El tiempo cruel y el tiempo luminoso[1]
La historia no es una disciplina que gira en torno a la escritura, aunque la involucra ampliamente. Es en su génesis grecolatina un asunto de ver, se relata aquello de lo que fuimos testigos. Testigos oculares, portadores de la experiencia que nace de la mirada, de la observación de unos acontecimientos que merecen el paso al texto escrito, al tiempo que vendrá, a la “posteridad”[2]. En la Edad Media cada documento es un testimonio, se considera que el documento es fiel a la observación del evento, pero los monjes copistas y los glosadores, que trabajaban para monasterios, para juristas o para prelados, ante las verdades textuales que constituyen fieles testimonios de la historia sagrada, comienzan a insertar glosas o comentarios al margen. Las glosas se hacen parte de la crónica histórica.

Así, el texto se emancipa de su relación con la visión testimonial del fenómeno. Surge, entonces, la historia occidental, como aquella cadena de sucesos que son narrados para elogiar la grandeza y la supremacía del soberano, las hazañas de los poderosos, la unidad histórica y territorial del dominio[3].

Tánana. Estar listo para zarpar (Alberto Serrano y Cristóbal Azócar, 2016) es un documental sobre algunos vestigios de la cultura yagana antigua, los que emergen del testimonio y la mirada sobre el fenómeno cultural. Es una historia, entonces, basada en la observación directa de la vida yagana actual, proceder que permite un reconocimiento de la parte ancestral que subsiste en la comunidad yagana de hoy. No obstante, esta búsqueda de vestigios no implica que el documental sea un comentario en los márgenes de la crónica terrible de los hechos que vivenciaron las y los yaganes en los siglos XIX y XX.
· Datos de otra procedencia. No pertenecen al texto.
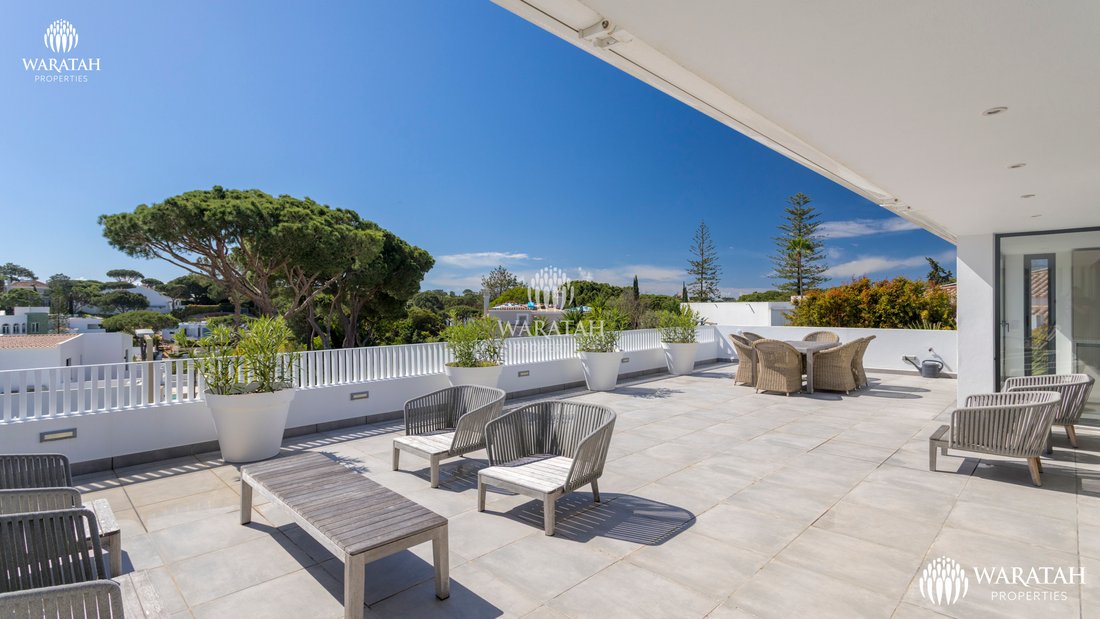 Villa in Vale do Lobo, Almancil, Portugal 5 - 17701745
Es un filme, en cambio, que intenta una luminosidad frente a las tradiciones antiguas de las y los yaganes, es decir, una claridad (en el doble sentido de la palabra) sobre lo que constituye el caudal cultural de los yaganes. El filme propone un recorrido dirigido hacia la cultura ancestral y, en el camino, encuentra los vestigios: hallazgos que sostienen una memoria histórica que transita por las huellas que resisten en los mares, los mares que inundan canales y estrechos. Lo interesante de esta claridad se basa en que no se está integrando un conjunto de huellas ni a una “historia general” ni a una “contrahistoria”, más bien, a un “tiempo luminoso”.

La “luminosidad” no significa neutralidad valorativa –sino una luz que ilumina la tradición ancestral, tal y como ha resultado posterior a los eventos históricos de la colonización. Esta claridad implica una transparencia sobre esta cultura –en el sentido de la mínima injerencia y la máxima comprensión. Es un fenómeno de la luz, la luz de los cielos australes, que conforma una hermosa metonimia de la imagen actual de la cultura canoera (la parte contemporánea por un todo que sigue siendo milenario).
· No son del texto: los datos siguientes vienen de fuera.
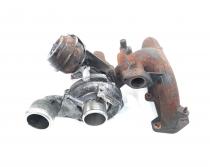 Turbosuflanta, cod 55205177, Alfa Romeo GT (937), 1.9 JTDM, 937A5000 (id:486429)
Por tanto, esta claridad es un campo de inscripción estética: el documental no muestra la noche, solo el día con sus trabajos y anhelos. La estética, a parte de estos elementos fundantes, se inscribe en una trama visual y narrativa en que lo antiguo emerge junto a una configuración cultural del siglo XXI.

La multiplicidad de planos que contiene la temporalidad social conduce a considerar, en este ensayo, varios niveles de historicidad. Uno de ellos trata sobre la historia que pasó rauda y destructora por estas comunidades, la historia trágica, la historia cruel.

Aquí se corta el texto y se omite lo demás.